喫茶サンルームは大きな窓に面した開放的な空間。窓越しに朝はご来光、夜は麓の夜景を眺めることができるそう。ビールやワインなどのアルコール類やおつまみ、人気のケーキセットやイチゴミルクが用意されています。
登頂を果たした達成感とお腹も満たされたことで眠くなってきますが、高標高の山小屋に到着後は、最低1時間は寝てはいけないそう。寝てしまうと呼吸が浅くなり、酸素不足による高山病の症状が出る可能性が高くなります。部屋で本を読んでゆっくり過ごしたり、山小屋内や周辺を探索するのがおすすめです。
山小屋での滞在で楽しみなのが食事。ご飯とお味噌汁のほか、お肉や魚、サラダ、デザートもあり品数・ボリューム満点。
これまで「山小屋のご飯っておいしいの?」と疑問に思っていましたが、肉・魚・野菜のバランスも良く、ハンバーグはふっくら。煮物もしっかり味がしみていましたし、お味噌汁も具だくさんで大満足の夕食でした。
夕食後は、次の日の準備をしたり、自分の荷物の整理をしたり思い思いの時間を過ごして20時30分に消灯です。

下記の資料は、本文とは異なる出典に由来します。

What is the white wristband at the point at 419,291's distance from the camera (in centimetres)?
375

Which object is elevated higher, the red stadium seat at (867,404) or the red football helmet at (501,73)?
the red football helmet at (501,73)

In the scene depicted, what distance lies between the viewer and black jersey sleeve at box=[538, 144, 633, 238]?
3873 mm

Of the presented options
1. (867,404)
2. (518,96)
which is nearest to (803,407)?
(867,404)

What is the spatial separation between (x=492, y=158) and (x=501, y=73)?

一斉に暗くなるので必ず消灯前に寝る準備をしておきます。私はのんびりしすぎて直前に慌てたので時間に余裕を持って用意しておくのがおすすめ。ヘッドライトを手元に用意しておくと便利です。
<山小屋滞在時のポイント>
・山小屋到着後、1時間は高山病予防のため寝ずに起きている
・標高が高い場所は乾燥しており、脱水になりやすいため、こまめに水分をとる
・山では水は大変貴重なもの。節水を心がける
・夕食後は早めに寝る人もいるため、会話や荷物の音に気を付ける
・早朝出発の際は、前日までに準備を済ませ寝ている人に配慮して行動する
山の安全と自然環境を登山者と共に守りたい
燕山荘では夕食時に宿泊者に向けて、燕山荘グループ代表の赤沼健至氏が安全登山や環境保全など山について話をする時間を設けています。

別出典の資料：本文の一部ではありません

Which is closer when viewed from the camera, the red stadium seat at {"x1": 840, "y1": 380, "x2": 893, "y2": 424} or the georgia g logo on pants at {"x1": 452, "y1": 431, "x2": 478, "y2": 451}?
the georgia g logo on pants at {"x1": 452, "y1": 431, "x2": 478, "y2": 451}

その内容を抜粋すると共に、消灯前のわずかな時間でお話を伺うことができたので紹介します。
安全登山のこと
山の季節は街中とは全く違います。燕岳の夏山シーズンは7月~9月まで。10月~6月は積雪のある冬山として考え、適切な装備を準備して登って欲しい。

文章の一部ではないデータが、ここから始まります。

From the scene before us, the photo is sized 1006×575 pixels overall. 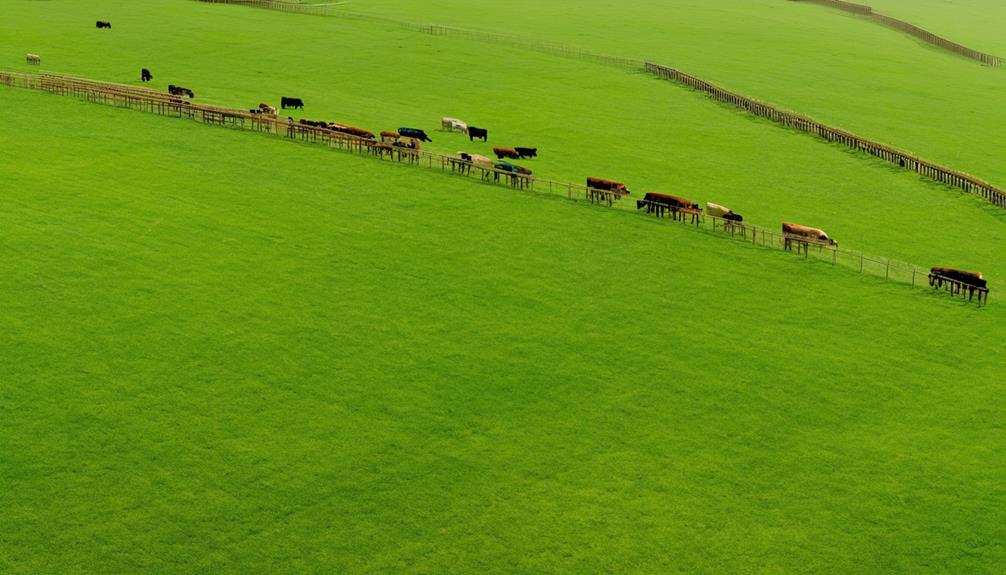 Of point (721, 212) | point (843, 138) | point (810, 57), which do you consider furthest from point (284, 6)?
point (721, 212)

山の上では特に、低体温症・高所肺水腫・硬膜下血腫が命に関わる事故になります。低体温症は風と寒さと濡れることで引き起こされます。特に風が強い日の稜線歩きは注意が必要で天候と装備を良く確認してください。
高所肺水腫は肺に水が溜まる重度の高山病で、風邪をひいた状態などで登ると起こりやすくなります。標高の高い場所で風邪が良くなることは絶対にありません。体調が優れない時は山に登ることは避けましょう。
硬膜下血腫は、転倒や落石などで頭を強く打った際に引き起こされます。危険箇所ではヘルメットを着用してください。
環境保全について
燕岳は高山植物の女王とも呼ばれるコマクサの群生がありとっても美しい山です。しかし過去に、登山者が群生地に足を踏み入れたことで全滅に近い状態になったこともあります。コマクサは不安定な砂礫の上に生えています。雨が降ると砂地についた足跡に水が溜まり植物が流されたり浸食で地形が変わってしまいます。一度失われてしまったものを元通りにするためには気が遠くなるほどの年月と努力が必要です。過去の状態から今の光景に戻すために20年もかかりました。“自然のものは自然のままに”。登山道から離れて踏み荒らさないようお願いします。
燕山荘の周辺ではライチョウが生息しています。周辺には天敵となる野生動物が少ないからこそ生息できます。クマやキツネなど野生動物はゴミを狙って現れます。生ゴミ含め、ゴミは全て持ち帰ってください。野生動物に出会ってもエサとなるものを与えぬようお願いします。
登山者一人一人の心がけて、美しい山と自然を後世に守り続けることができます。
登山の世界観がぐっと広がった1泊2日
燕山荘からは素晴らしい夕日や日の出の景色を眺めることができます。残念ながら私が滞在している時は天気が悪く、見ることはできませんでしたが、後日髙木さんに写真を見せていただきました。
翌朝、5時に起床しましたが外は土砂降り状態。雨雲レーダーとにらめっこの髙木さん判断のもと、雨が弱まるタイミングまで燕山荘に待機することにしました。
ゆっくりと朝食をとり、下山の準備を済ませます。髙木さんの読み通り、8時半頃になると雨が小康状態になったので出発しました。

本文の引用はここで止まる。